Is it because we like aliens? Do we just like movies with precocious kids? Or maybe bicycles are just better than Radio Flyers or something?

Whatever the reason, I'm sure that E.T. means many things to different people. So allow me to weigh in a bit with my perspective.


Synopsis: E.T. the Extra-Terrestrial is a science fiction movie directed by Steven Spielberg with a screenplay by Melissa Mathison. It had received numerous nominations including 9 Academy Awards and managed to win 4 Oscars, namely for Best Original Score, Best Sound, Best Sound Effects Editing and Best Visual Effects. The movie has earned many other awards outside the Oscars and consistently ranks on various listings for top movies of all time.

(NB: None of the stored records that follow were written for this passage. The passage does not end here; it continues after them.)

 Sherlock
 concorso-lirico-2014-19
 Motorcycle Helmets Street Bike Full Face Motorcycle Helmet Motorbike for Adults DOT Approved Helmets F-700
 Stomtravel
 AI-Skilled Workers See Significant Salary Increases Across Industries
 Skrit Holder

A group of aliens are gathering plant samples here on Earth when US governments appear, scaring them off. The aliens mostly manage to escape the authorities save for one who accidentally gets left behind. Stranded on Earth, the alien now has to find a way to survive. The alien eventually crosses paths with 10 year old Elliott (Henry Thomas), who's a rather lonely kid trying to fit in with his older brother Michael (Robert MacNaughton) and his friends with little success.

He eventually realizes something is hiding in their tool shed, but is unable to see exactly what by the time he runs over. This cat and mouse game continues for a bit until Elliott manages to lure the alien out with some candy. Elliott then makes excuses in order to spend more time with the alien in secret, with only his younger sister Gertie (Drew Barrymore) knowing about his new alien friend.

I think one of the key things about the movie's lasting memory for a lot of us is how it's told from the perspective of Elliott and the other kids for the most part. Far too many movies would limit us to seeing the aliens from a more adult perspective for a movie with such a serious tone. Those movies that do take the younger perspective also resort to more slapstick and comedy like some sort of a live-action cartoon. This time around we have the kids as being the protagonists in a very real world with some serious concerns - after all they do ultimately work towards keeping the alien secret from the authorities while trying to find him a way home.

Another key point is just how alien they decided to make E.T. There is little that seems actually threatening by this little guy but at the same time there's no mistaking that he's not just a guy in a suit. The complex E.T. puppet was all old and wrinkly and in now ways "cute" in a traditional sense. And yet given how the movie was put together, we all end up feeling sympathy for this little alien orphan and thus are won over by the charm more or less "implied" by the scenes. The combination of the puppeteers movements and John Williams' brilliant score helped make the movie such an emotional experience.

This is not a flashy science fiction movie about an alien invasion or overwhelming government control and oppression. Instead we have a story that is elegant in its simplicity - a tale that is truly just about a boy making a new friend, even though he's a being from another planet. It's a lovely contrast to how all the adults panic when faced with alien life and yet the kids manage to make friends.

E.T. the Extra-Terrestrial is a science fiction movie that managed to create a magical experience for many viewers, young and old alike. It still stands the test of time given it's not just about the effects but really the strength of the story and the young actors involved. And that all factors in to why it remains to be such a powerful part of our movie history. So I'm glad to rate this movie as a solid 5 flying bicycles out of a possible 5.